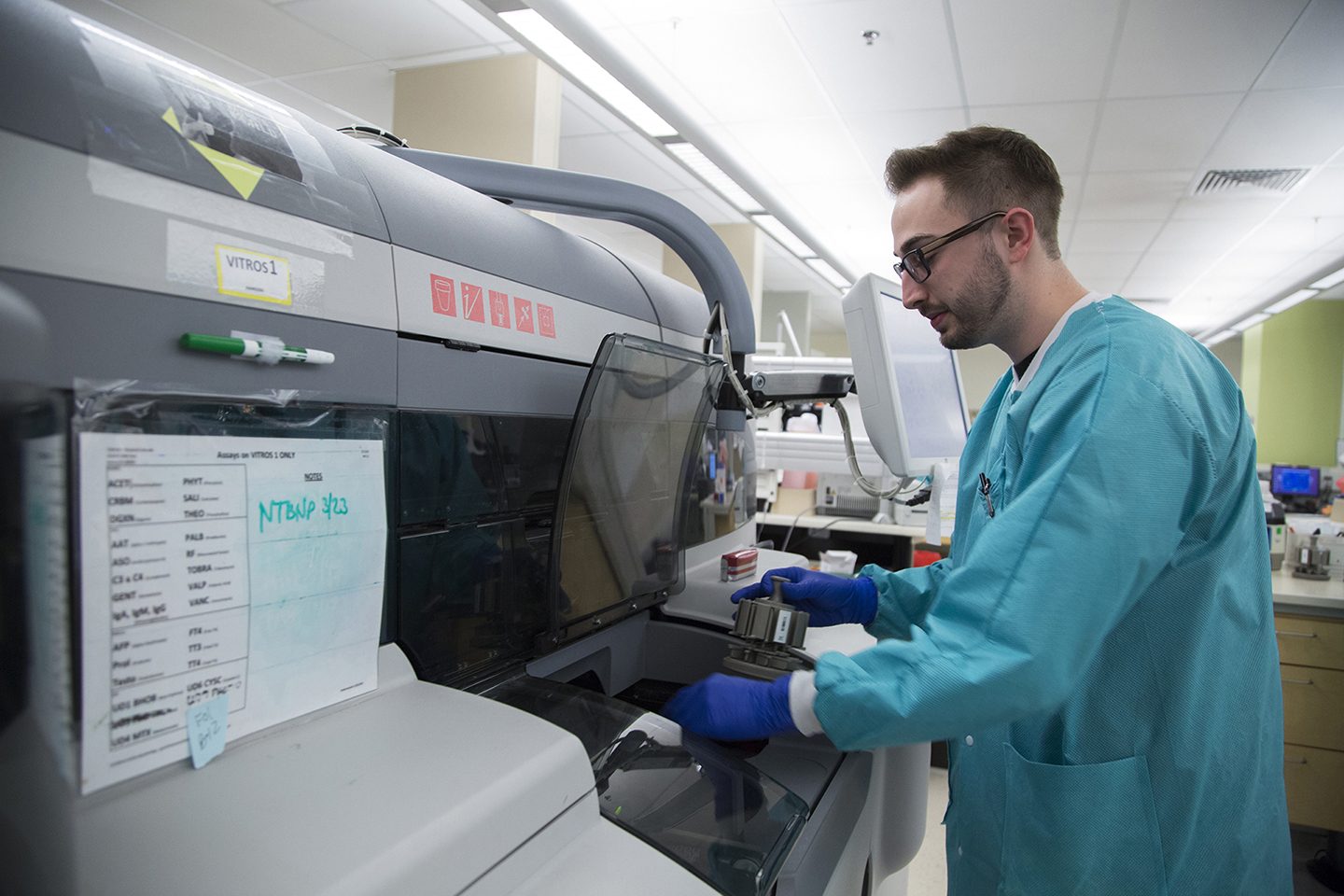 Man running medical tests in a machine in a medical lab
* * * *
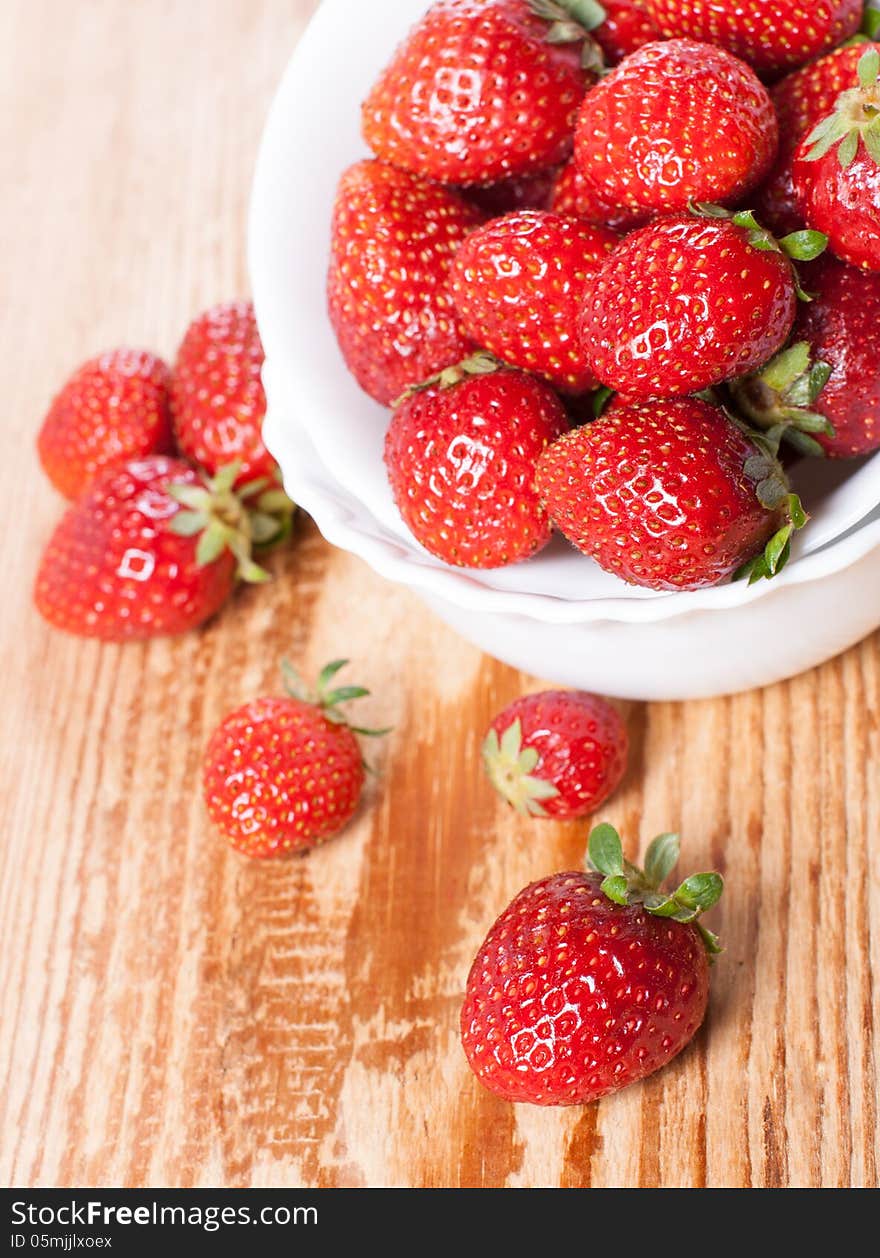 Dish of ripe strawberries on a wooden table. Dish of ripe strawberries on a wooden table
* * * *
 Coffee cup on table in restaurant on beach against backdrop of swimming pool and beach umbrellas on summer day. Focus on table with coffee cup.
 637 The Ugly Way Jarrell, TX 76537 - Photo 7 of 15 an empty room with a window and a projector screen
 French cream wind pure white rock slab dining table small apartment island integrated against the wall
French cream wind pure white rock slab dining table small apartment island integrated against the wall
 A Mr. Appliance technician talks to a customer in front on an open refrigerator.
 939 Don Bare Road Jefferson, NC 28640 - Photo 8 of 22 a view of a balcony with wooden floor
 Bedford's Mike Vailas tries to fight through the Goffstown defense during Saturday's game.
* * * *
Assignment> A single number is expected: how many lines in the entries contain "wall".

Response to the exercise> 2